Injecting the FLT3 drug into individual tumors in the mice brought dendritic cells flooding into the tumor site, they showed. Radiation therapy (which they were able to focus on tumors in mice using a lead shield and a tiny hole) caused tumors to produce antigens, which were then picked up by the dendritic cells. And treatment with the TLR3 agonist activated the dendritic cells, which in turn greatly increased the levels of tumor-targeted T cells.
The treated tumors shrank rapidly in many mice and, in approximately 40% of the animals, they were eradicated completely.
The tumor shrinkage was due largely to tumor cells being killed by T cells, not to the low-dose radiation, they found. Importantly, the activated T cells didn’t remain at the tumor site. They made their way through the circulation to other tumors in the mice, shrinking them or eradicating them entirely.
In mice that didn’t respond to the treatment or that did so only temporarily, the researchers detected something interesting: the presence of immune checkpoint proteins on T cells, which signal the immune system to stand down.
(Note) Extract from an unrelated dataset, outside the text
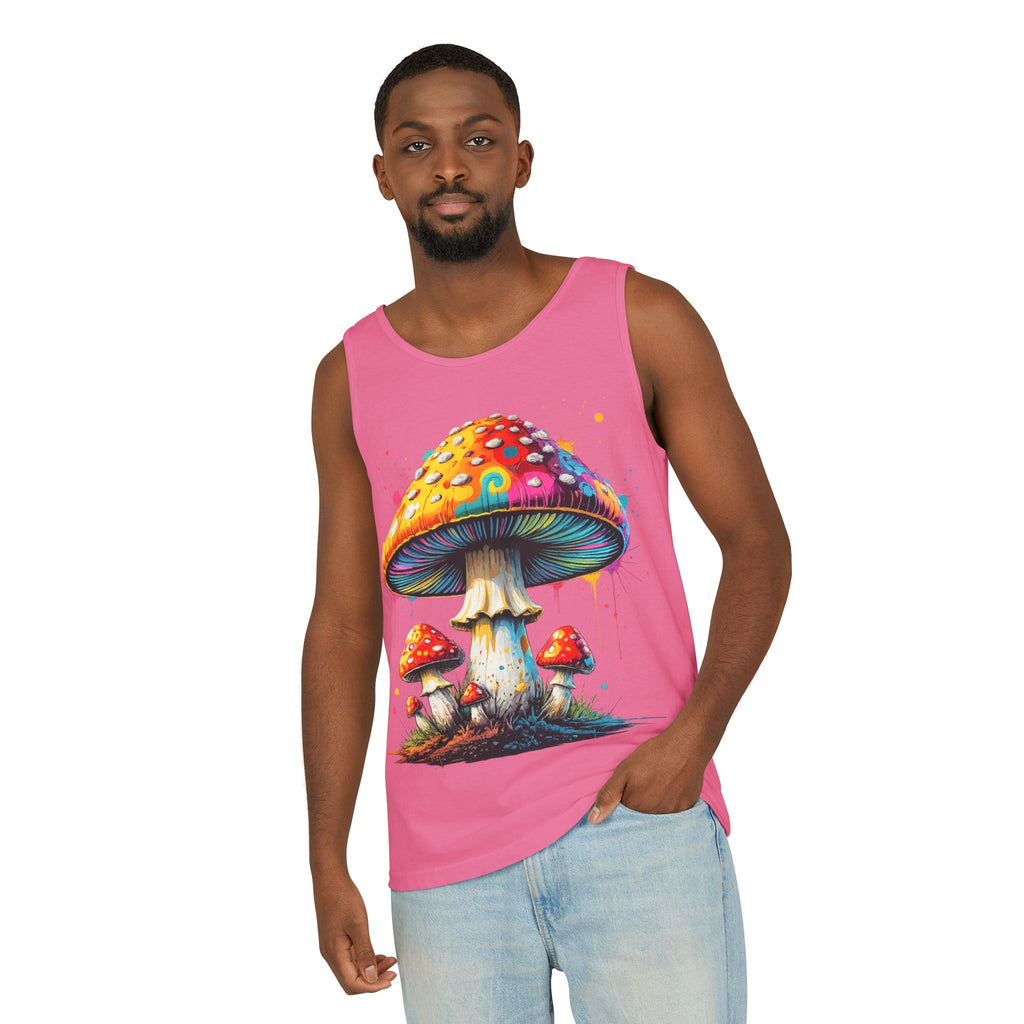 Mushroom Graphic Tank Top — Colorful Psychedelic Fungi Design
Adding an immune checkpoint inhibitor to the treatment approach greatly increased the number of mice with long-lasting tumor remissions.
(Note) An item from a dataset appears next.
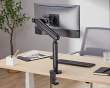 Flexy Monitor Arm 11kg USB-Ports 17”-35” Sort - Skærmstativ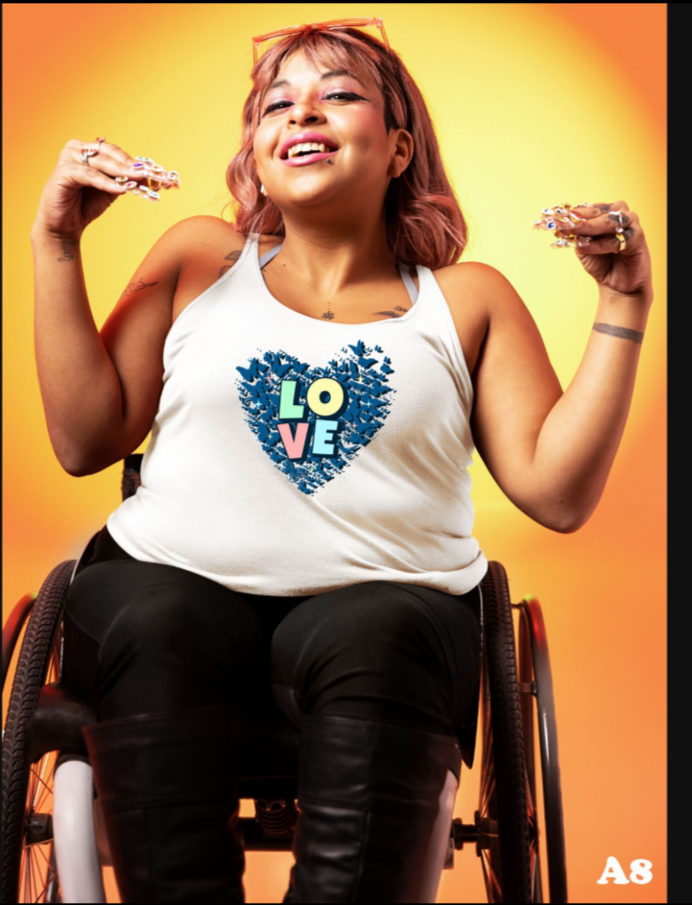 Different Color Love Words Love Team Tank Top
In mice treated only with an immune checkpoint inhibitor, tumors remained largely intact.
Promising Results in Initial Human Studies
Encouraged by the findings in mice, the research team launched a small clinical trial to test the treatment in people with indolent NHL, most of whom had follicular lymphoma and several of whom had received prior treatment for advanced disease.
The treated tumor (which was selected largely on the basis of ease of access) shrank partly or entirely in 8 of the 11 patients enrolled in the trial at the time (enrollment is continuing). Six patients had no progression or small reductions in the size of tumors elsewhere in the body, and three had substantial reductions in these nontreated tumors, including one participant whose tumors disappeared entirely. Several of these responses have lasted for more than a year.
Importantly, side effects were very minor, with most patients experiencing a mild fever and other flu-like symptoms.
Dr. Heyman pointed to analyses in the study of tissue and blood samples collected from patients before and after treatment, which paralleled what was seen in mice, including an accumulation of dendritic cells at the treatment site and the presence of T cells primarily involved in cell killing.
Those findings, he said, confirm that the research team is “actually eliciting the immune response in humans that were seen in the preclinical model.”
Also similar to what happened in mice, T cells in most patients began to express checkpoint proteins following treatment.
Moving Ahead with Combinations
The Mount Sinai team’s newly launched trial will pair the vaccine with the checkpoint inhibitor pembrolizumab (Keytruda) in people with advanced indolent NHL, breast cancer, and head and neck cancer.
Pairing the vaccine with another immune-stimulating therapy makes sense, Dr. Heyman continued, because it can both strengthen the initial immune response and potentially make it last longer.
Combining immune-based treatments is “where things are moving in the field,” he said.
Indolent subtypes of NHL respond well to available treatments and many people with these cancers live for many years, Dr. Wilson noted. “But that doesn’t mean there isn’t room to do something novel like this [vaccine],” he added.
That’s particularly the case for the small but substantial subgroup of patients with indolent NHL in whom the disease can be more life threatening, including “transforming” into another, more aggressive form of lymphoma, he continued.
“So there will be patients for whom a treatment like this could be potentially lifesaving,” he said.